▸ Task goal: The copy should hold exactly the lines below from the one that contains "Camberwell Grammar School" through the one that contains "Volkswagen PASSAT B8" and nothing else, so no pictures.

▸ Input:
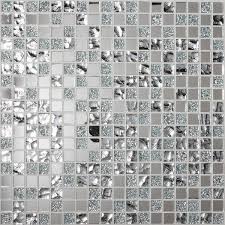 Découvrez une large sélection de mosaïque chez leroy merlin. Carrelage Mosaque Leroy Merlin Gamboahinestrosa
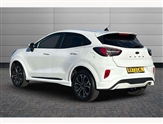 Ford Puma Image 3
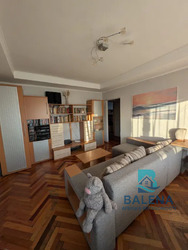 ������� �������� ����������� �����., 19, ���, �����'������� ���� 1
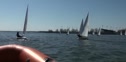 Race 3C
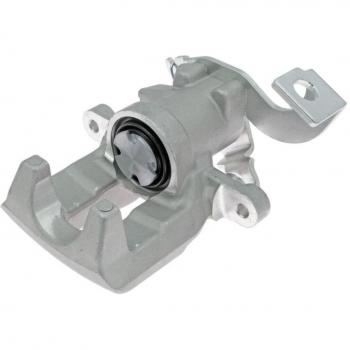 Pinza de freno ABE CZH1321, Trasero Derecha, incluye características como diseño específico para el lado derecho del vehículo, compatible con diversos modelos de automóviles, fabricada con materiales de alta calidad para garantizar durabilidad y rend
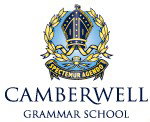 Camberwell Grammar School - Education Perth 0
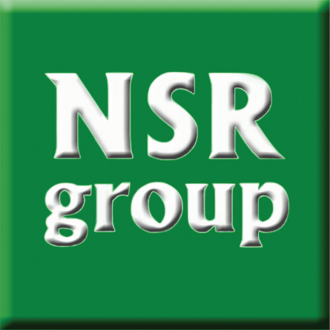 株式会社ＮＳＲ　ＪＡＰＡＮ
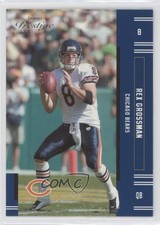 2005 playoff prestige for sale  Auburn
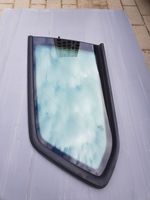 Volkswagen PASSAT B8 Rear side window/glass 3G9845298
* * *
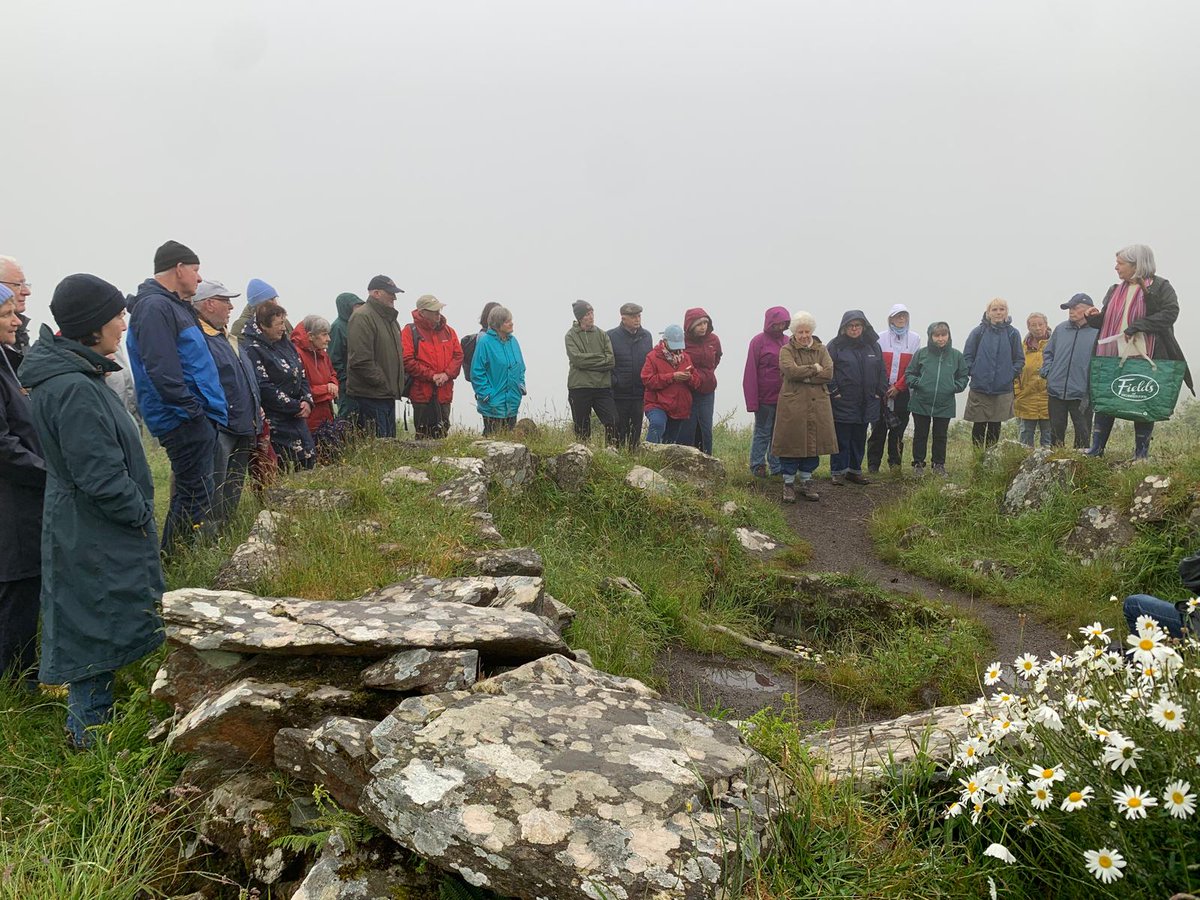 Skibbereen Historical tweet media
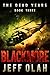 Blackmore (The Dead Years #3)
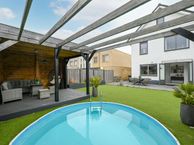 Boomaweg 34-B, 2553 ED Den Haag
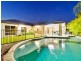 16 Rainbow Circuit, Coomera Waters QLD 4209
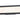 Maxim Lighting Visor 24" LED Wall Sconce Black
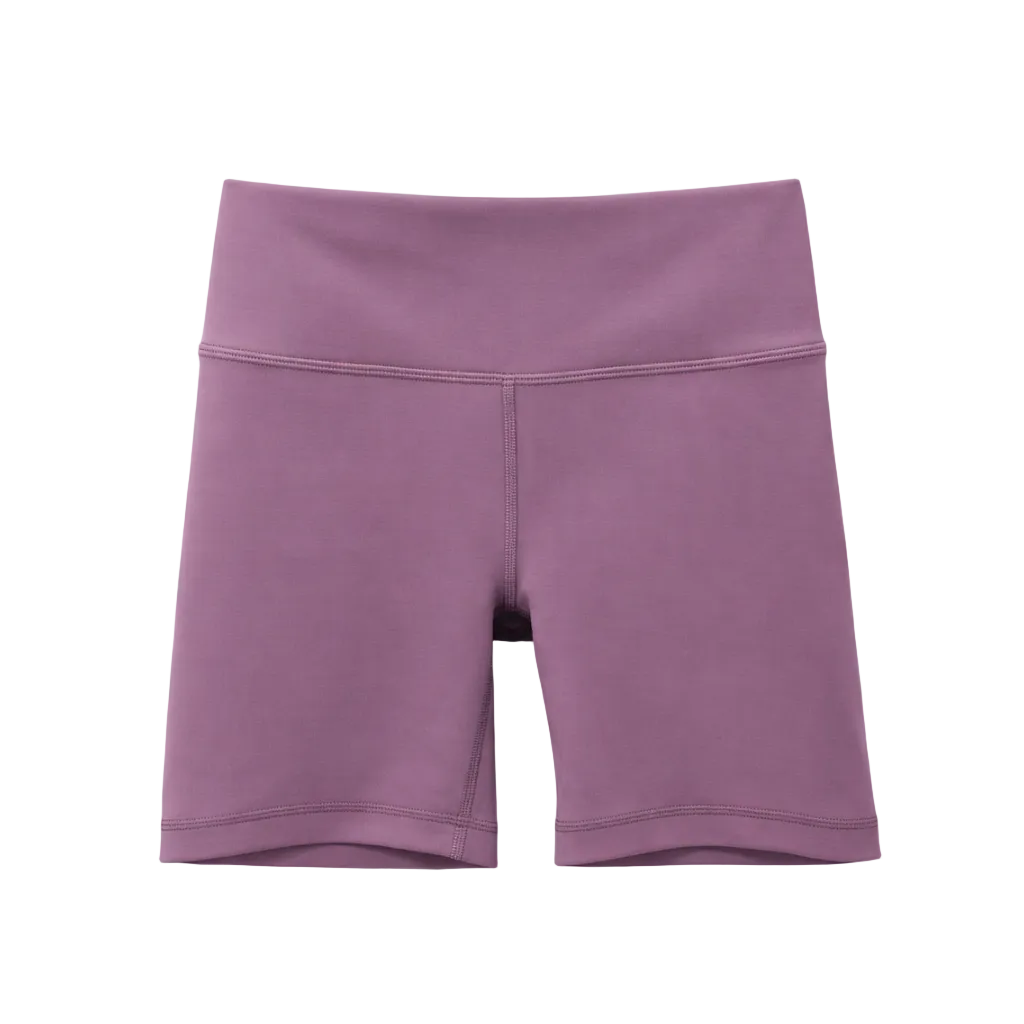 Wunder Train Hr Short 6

▸ Expected answer:
 Camberwell Grammar School - Education Perth 0
 株式会社ＮＳＲ　ＪＡＰＡＮ
 2005 playoff prestige for sale  Auburn
 Volkswagen PASSAT B8 Rear side window/glass 3G9845298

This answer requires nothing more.